EXERCISE MATERIAL:
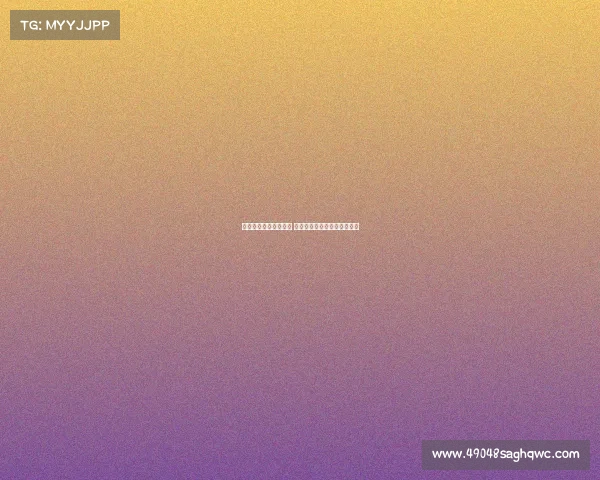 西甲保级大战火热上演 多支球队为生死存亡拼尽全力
==
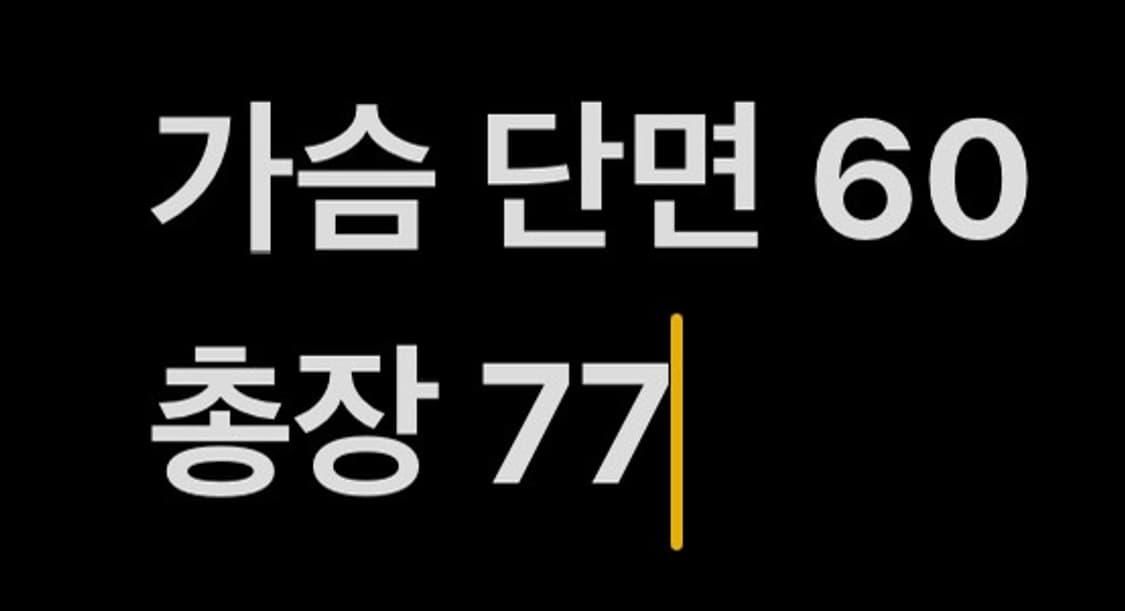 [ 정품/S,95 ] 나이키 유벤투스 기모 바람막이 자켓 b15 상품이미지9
...
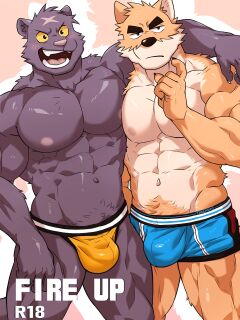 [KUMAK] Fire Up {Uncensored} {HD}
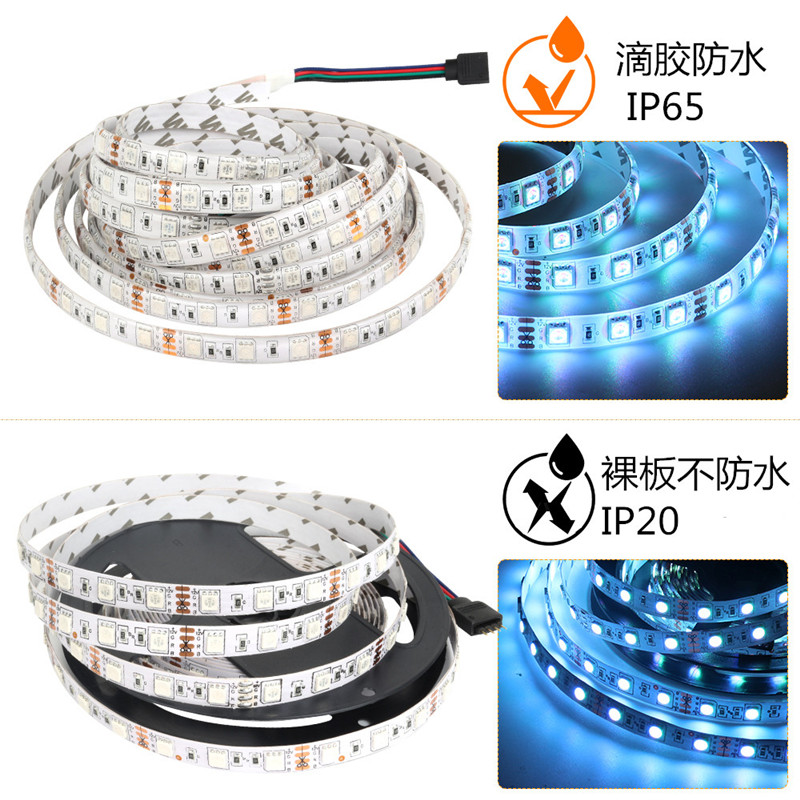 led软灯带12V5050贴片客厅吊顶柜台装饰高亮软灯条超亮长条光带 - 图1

TASK TO CARRY OUT: Output exactly the lines above, beginning at the one with "[KUMAK] Fire Up" and stopping after the one with "led软灯带12V5050贴片客厅吊顶柜台装饰高亮软灯条超亮长条光带 - 图1". Pictures are to be omitted.

REPLY TO THE TASK:
 [KUMAK] Fire Up {Uncensored} {HD}
 led软灯带12V5050贴片客厅吊顶柜台装饰高亮软灯条超亮长条光带 - 图1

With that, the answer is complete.